By Amir Khwaja, Clarus

Originally published on Clarus Financial Technology blog

Following on from my recent article on MiFID II and the Trading Obligation for Derivatives, I wanted to look into another key section in the ESMA Final Report; namely the requirements for Best Execution. There are two specific requirements, one for Trading venues and another for Investment Firms.

MiFID II Background

The Final Report deals with Draft Regulatory Technical Standards (RTS) of which there are 28 and describes the consultation feedback received, the rationale behind ESMA’s proposals and details each RTS. The report is now submitted to the European Commission, which has 3 months to decide (Dec 28, 2015) whether to endorse the technical standards.

Assuming that it does so, MiFID II will come into effect in Europe on Jan 3, 2017.

Best Execution and Total Cost Analysis (TCA)

There have been a number of good overview write-ups on Best Execution, two I would recommend are Michael Sparkes of ITG Analytics on Multi-Asset Best Execution and Simon Maisey of Tradeweb on TCA for Fixed Income.

I usually find that diving deep into the detail and coming back up is a good way to grasp the essence of a new regulation. So lets look at the relevant detail in the Final Report.

RTS 27 – Best Execution for Trading Venues

An investment firm has a fiduciary obligation to provide its clients with the best possible results when executing orders. The data required to assess best execution is essential for investment firms to monitor performance from venues and for the buy side to monitor the sell side.

This RTS sets out the data that must be made public for financial instruments subject to the trading obligation.
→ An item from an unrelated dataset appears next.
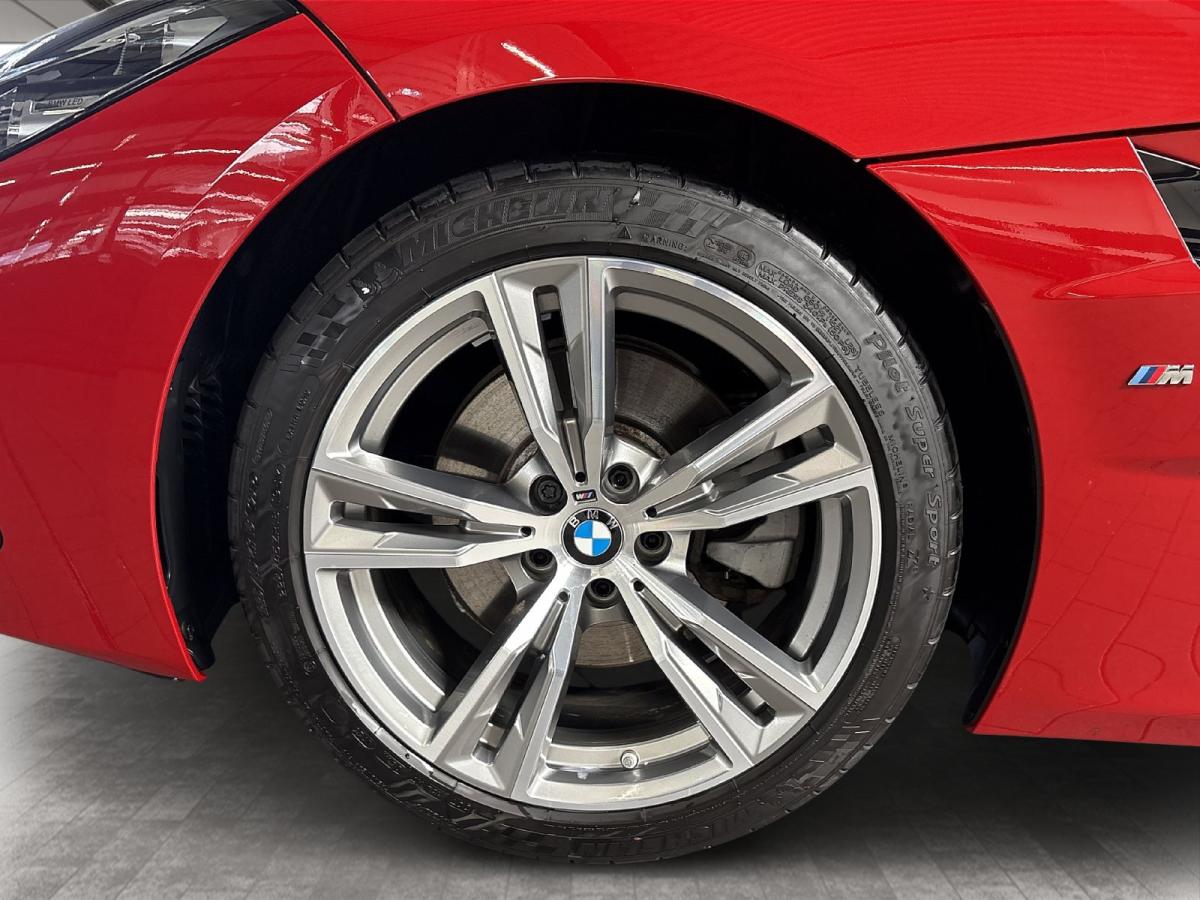BMW Z4 sDrive20i mit Detailansicht auf die Felgen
It applies to venues that can be selected by investment firms for execution of their client orders (e.g. RMs, MTFs, OTFs). As such it would seem to apply to All to All Venues and D2C Venues and exclude D2D only ones (assuming D2D continue to exist in the new market structure). Either-way a large chunk of Swaps trading will be included in the Best Execution requirements.

Frequency of Data Publication

Execution venues are required to publish data four times a year and no later than three months after the end of each quarter. So by 30 June for the period 1 January to 31 March.

This data is expected to be available free of charge in a machine readable format on their websites.

Articles 1 to 12, deal with the specifics of the data.

Article 4 – Price

We will start with the first interesting one, Article 4 on price. This requires price data for each financial instrument to be made available for each trading day with one format for intra-day information and one for daily information.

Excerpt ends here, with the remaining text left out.